EXERCISE PROMPT
Please print, exactly, only the lines in the entries below from the line that has "Nike Air Force" through the line that has "ప్రజా నాయకుడికి కార్యకర్తల నిరాజనం". Pictures don't go in.

STUDY MATERIAL

- Opening Delimiter -

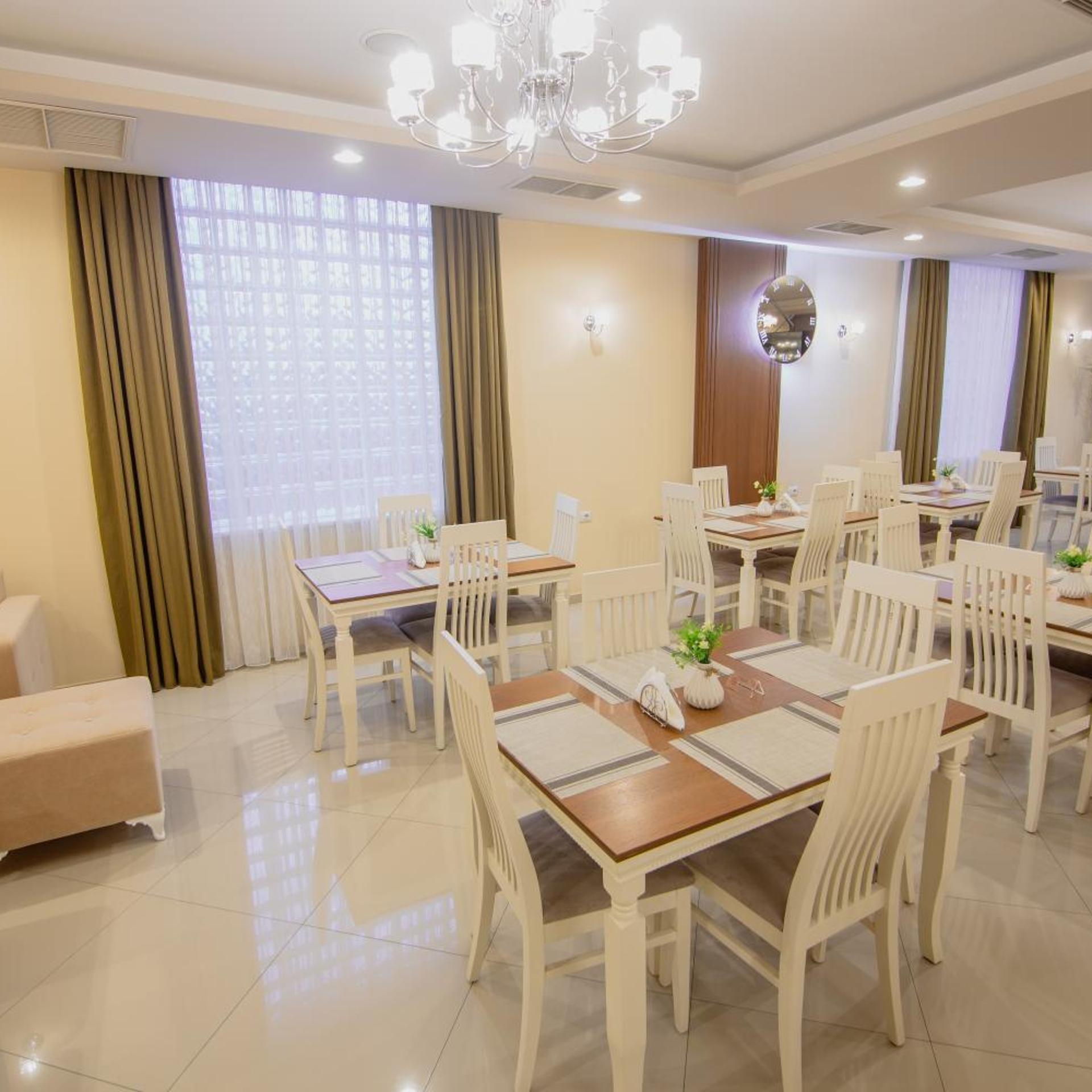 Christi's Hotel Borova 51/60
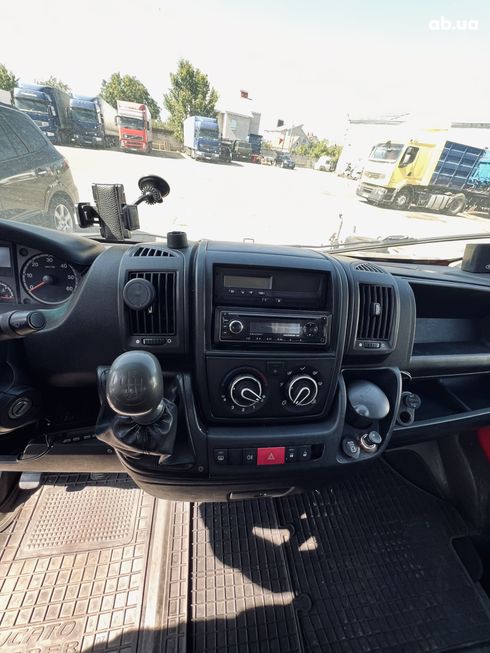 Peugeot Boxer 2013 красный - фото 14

- Closing Delimiter -
- Opening Delimiter -

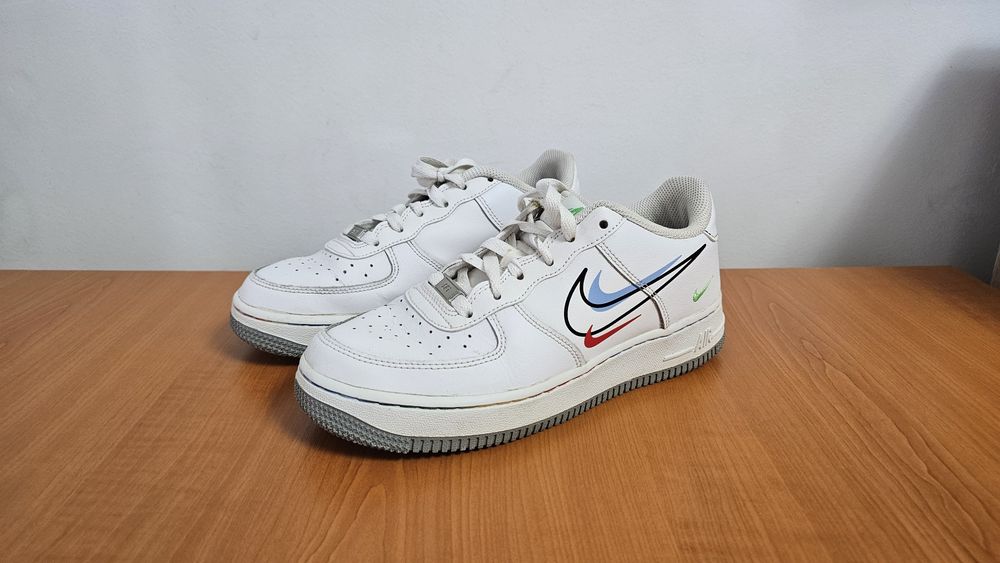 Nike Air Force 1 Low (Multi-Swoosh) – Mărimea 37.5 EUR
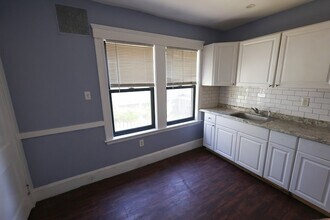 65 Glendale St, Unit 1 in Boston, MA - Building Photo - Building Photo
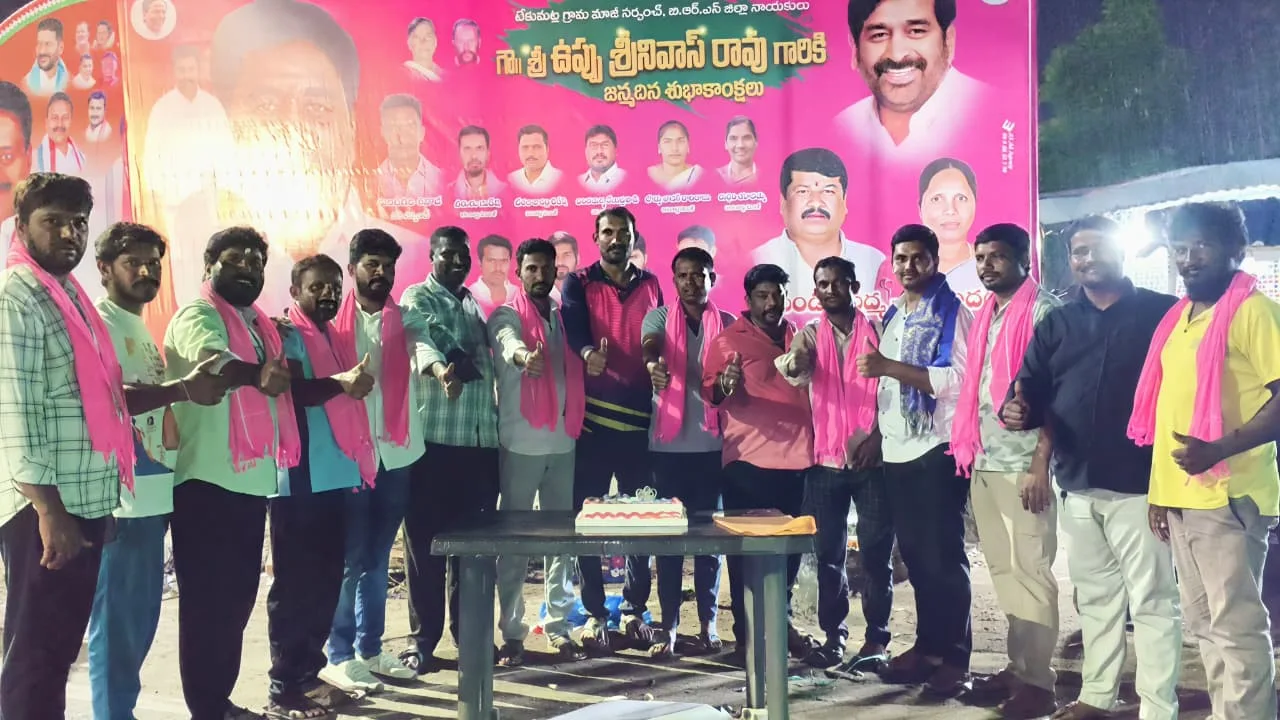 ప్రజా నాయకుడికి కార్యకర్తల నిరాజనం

- Closing Delimiter -

SOLUTION
 Nike Air Force 1 Low (Multi-Swoosh) – Mărimea 37.5 EUR
 65 Glendale St, Unit 1 in Boston, MA - Building Photo - Building Photo
 ప్రజా నాయకుడికి కార్యకర్తల నిరాజనం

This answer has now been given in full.